Posteriormente, luego de haberse proferido fallo de primera instancia (29 de mayo de 2020), el accionante envió correo electrónico el 16 de junio siguiente, a la Secretaría de la Sección Segunda del Tribunal Administrativo de Cundinamarca, cuyo asunto fue “SEGUNDA SOLICITUD DE MEDIDA PROVISIONAL”, en el cual insistió ante el a-quo sobre la urgencia de ordenar inaplicar en su favor el Decreto Legislativo 568 de 2020, hasta tanto no se resolviera la segunda instancia, pues aquello que expuso como una amenaza al momento de la radicación de la tutela, a la fecha se había cristalizado, habida cuenta que, se le retuvo en el pago de su salario del mes de mayo, lo correspondiente al impuesto solidario por COVID-19, entonces, lo lógico era que subvendría al pago del mes de junio, lo que a su vez aparejaba la continuidad en la vulneración a su mínimo vital por la disminución de su ingreso económico.
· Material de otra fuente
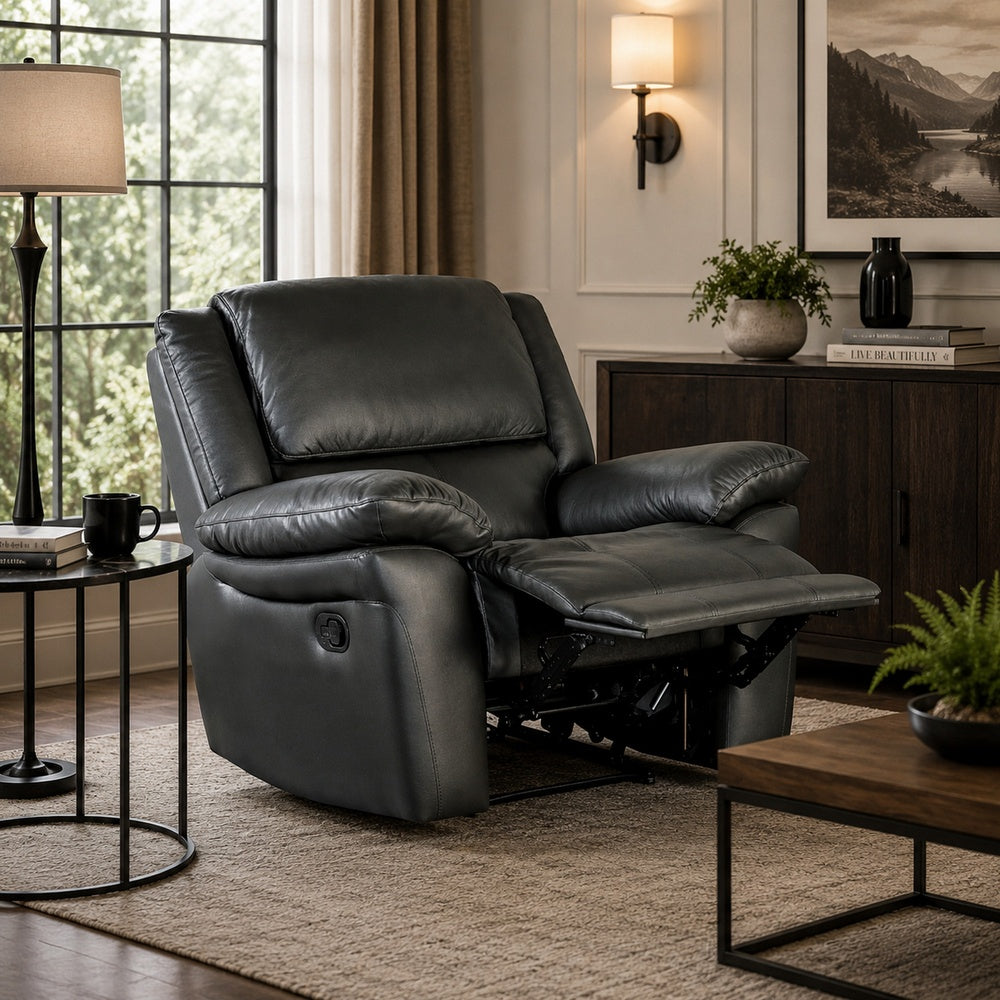 Larus Manual Motion Recliner Chair, Pillowed Arms, Black Faux Leather-BM353280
Sobre las referidas solicitudes, el Magistrado Ponente de la primera instancia se pronunció en proveído de 17 de junio de 2020, en el cual dispuso estarse a lo resuelto en la sentencia de 29 de mayo de la misma anualidad. De su decisión se destaca: “(…) es claro que lo pretendido por el actor mediante las solicitudes elevadas el 28 de mayo de 2020 (primera solicitud de medida provisional) y el 16 de junio de 2020 (segunda solicitud de medida provisional), es idéntico a lo peticionado en el escrito inicial de la acción constitucional, la que ya fue resuelta mediante sentencia del 29 de mayo de 20201, en contra de la cual, se repite, se halla surtiendo el trámite de segunda instancia ante el Consejo de Estado.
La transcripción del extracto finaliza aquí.